Pour Anne Fouchard, « le succès de l'humanitaire dépend de la confiance qu'il inspire au public en général et au donateur en particulier97 ». Cependant, même si l'éthique est au coeur de la conduite d'une ONG et par ricochet du discours qu'elle propose, pour Pascal Dauvin, les ONG ajustent la contrainte éthique comme cela les arrange car elles sont confrontées au dilemme de la « rentabilité économique contre celui de la vertu98 », les enjeux sectoriels devenant parfois plus importants que les enjeux d'information ou de témoignage. Yves Poirmeur note qu'il serait bénéfique pour certaines associations méconnues d'outrepasser les règles déontologiques afin de se démarquer : « les transgressions des règles peuvent se révéler payantes, surtout pour les organisations nouvelles ou marginales99. »

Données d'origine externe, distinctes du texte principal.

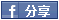facebook分享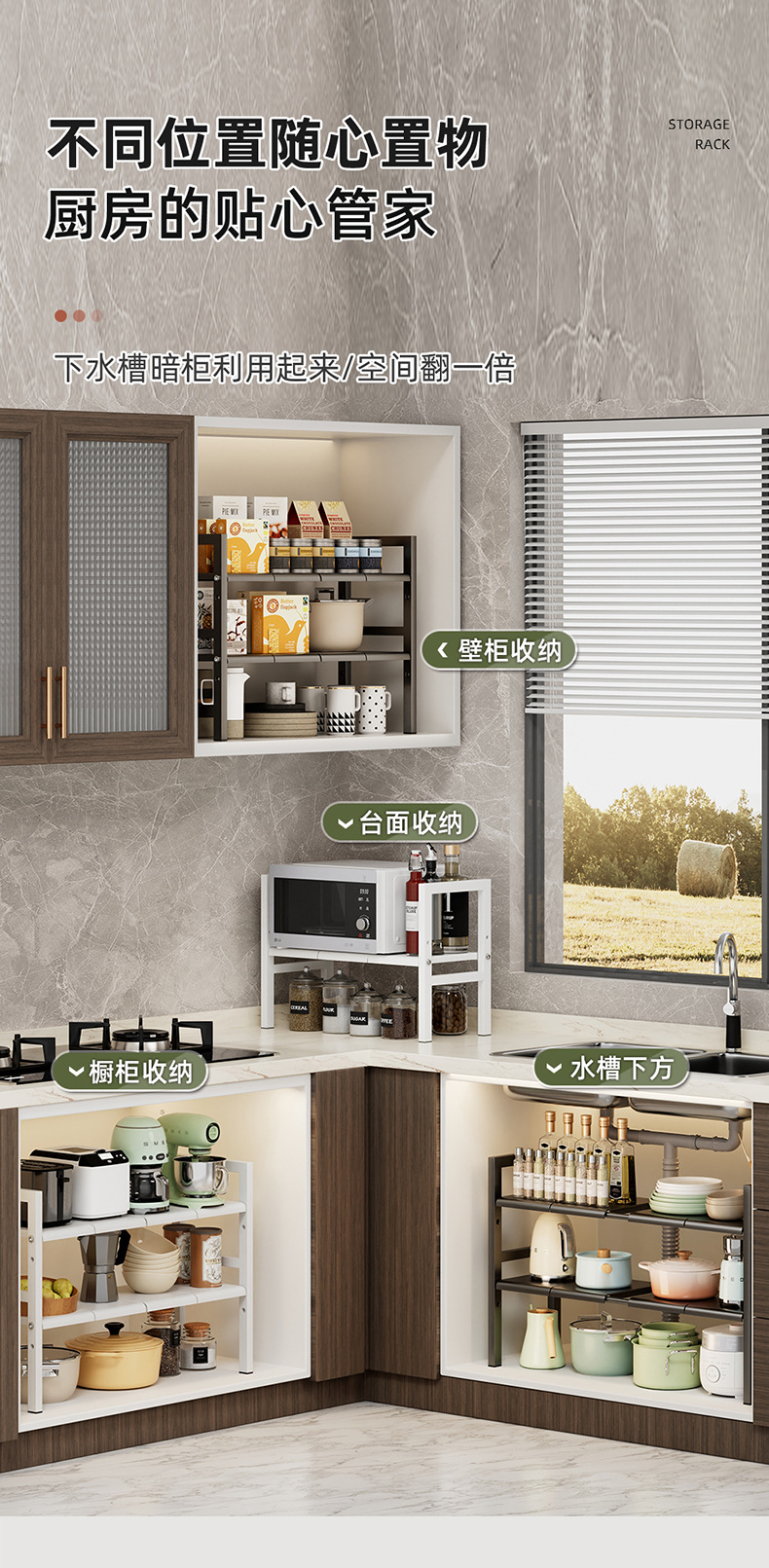 Unterschrank-Aufbewahrungsregal, Arbeitsplatten-Unterschrank, mehrschichtiges Regal, multifunktionales Aufbewahrungsregal, Küchen-Aufbewahrungsregal, höhenverstellbar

Mais dans ce cas, quelle limite se fixer?

6.2 La neutralité

La neutralité est l'autre grande position défendue par les humanitaires qui impacte le discours. Mais étrangement, cette neutralité découle moins d'un principe que de nécessités pratiques. D'un point de vue opérationnel, être publiquement neutre est une nécessité pour avoir accès aux victimes sans être affilié aux parties prenantes des conflits. En évitant de prendre parti, les OSI ne froissent personne, ce qui leur permet d'obtenir les autorisations nécessaires pour exercer dans un pays et de garantir la sécurité des équipes sur le terrain. Pascal Dauvin pointe ce risque éventuel : « parler des crises en dénonçant les responsables peut être dangereux pour les expatriés et pour les programmes qui risquent d'être interrompus100. »

Le positionnement neutre répond aussi à des contraintes économiques car beaucoup de programmes sont financés par des bailleurs institutionnels, liés soit aux États, soit à l'Union Européenne, soit aux organisations internationales. Prendre position contre ces institutions serait déloyal et risqué pour la pérennité des financements dans le cas où elles auraient une autre lecture de la crise. La neutralité devient alors une facilité pour faire face à cette contrainte et s'abstenir de contester ses partenaires.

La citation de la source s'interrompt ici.